Malawi govt, donors move to bridge information gap for persons with hearing impairments

Malawi government and its development partners are discussing on the need to roll out a programme aimed at training and increasing the number of sign language interpreters in the country.

Kaliati and Torres addressing stakeholders about this year’s commemoration–Photo by Watipaso Mzungu, Nyasa Times
Some of the stakeholders at the launch of the International Week of the Deaf and International Day of Sign Languages
Kaliati and Torres addressing stakeholders about this year’s International Week of the Deaf and International Day of Sign Languages–Photo by Watipaso Mzungu, Nyasa Times

The Ministry of Gender, Children, Community Development and Social Welfare, Patricia Annie Kaliati, disclosed on Monday that the major goal of the programme will be to bridge the yawning communication gap that people with hearing impairments are facing to access various social and economic services in Malawi.

Kaliati made the remarks in Lilongwe at the launch of International Week of the Deaf and International Day of Sign Languages.

The International Day of Sign Languages and the Deaf Week which falls on 23rd of September annually and the last full week of September, respectively.

This annual observance was proclaimed in 2017 by the United Nations General Assembly resolution 72/161.

The commemoration theme for this year is “Sign Language Right for All!”

In Malawi, the observance of the day, over the years, has been through an open day function.

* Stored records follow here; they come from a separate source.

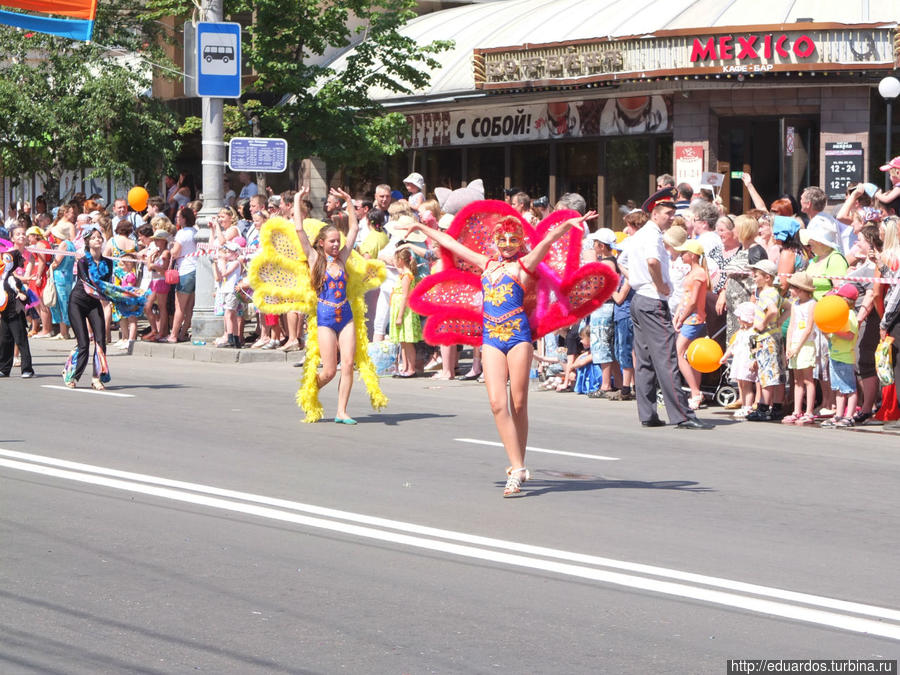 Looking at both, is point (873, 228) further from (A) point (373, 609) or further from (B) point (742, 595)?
(A) point (373, 609)

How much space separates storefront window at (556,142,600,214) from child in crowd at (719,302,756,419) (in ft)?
43.6

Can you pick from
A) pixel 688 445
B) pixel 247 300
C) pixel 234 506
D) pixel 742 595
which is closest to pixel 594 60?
pixel 247 300

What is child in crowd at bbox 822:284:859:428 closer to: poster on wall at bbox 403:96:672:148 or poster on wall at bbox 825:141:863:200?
poster on wall at bbox 825:141:863:200

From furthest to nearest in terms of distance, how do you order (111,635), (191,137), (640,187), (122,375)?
(191,137), (640,187), (122,375), (111,635)

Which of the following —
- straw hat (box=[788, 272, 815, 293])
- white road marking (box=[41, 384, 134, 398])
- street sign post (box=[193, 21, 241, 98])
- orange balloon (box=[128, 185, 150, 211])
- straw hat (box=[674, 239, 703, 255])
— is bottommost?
white road marking (box=[41, 384, 134, 398])

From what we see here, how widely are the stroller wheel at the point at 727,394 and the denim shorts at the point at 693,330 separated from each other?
611 mm

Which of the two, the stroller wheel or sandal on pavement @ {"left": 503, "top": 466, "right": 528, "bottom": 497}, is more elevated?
the stroller wheel

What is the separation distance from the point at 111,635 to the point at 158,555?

However, the government has postponed the open day function to a later date due to the prevailing Covid-19 pandemic.

Kaliati said the observance of the day provides an opportunity for member states to recognize the importance of Sign Language for achieving the sustainable development goals and filling the core promise of leaving no one behind.

“The theme reminds us all on the significance of sign language in the growth and development of deaf individuals and the attainment of the international and national development goals.

“More importantly is the principle of ‘living no-one behind’ as we work together to develop our society. For deaf people to meaningfully take part in our community activities, sign language is important as a medium of communication. Without sign language, communities will continue to exclude deaf people,” said the minister.

“As such, my message today to all of us is to work together so that sign language is fully developed for deaf people to enjoy equally all human rights as enshrined in our Republican Constitution and all International human rights Instruments that we subscribed to as a nation,” she added.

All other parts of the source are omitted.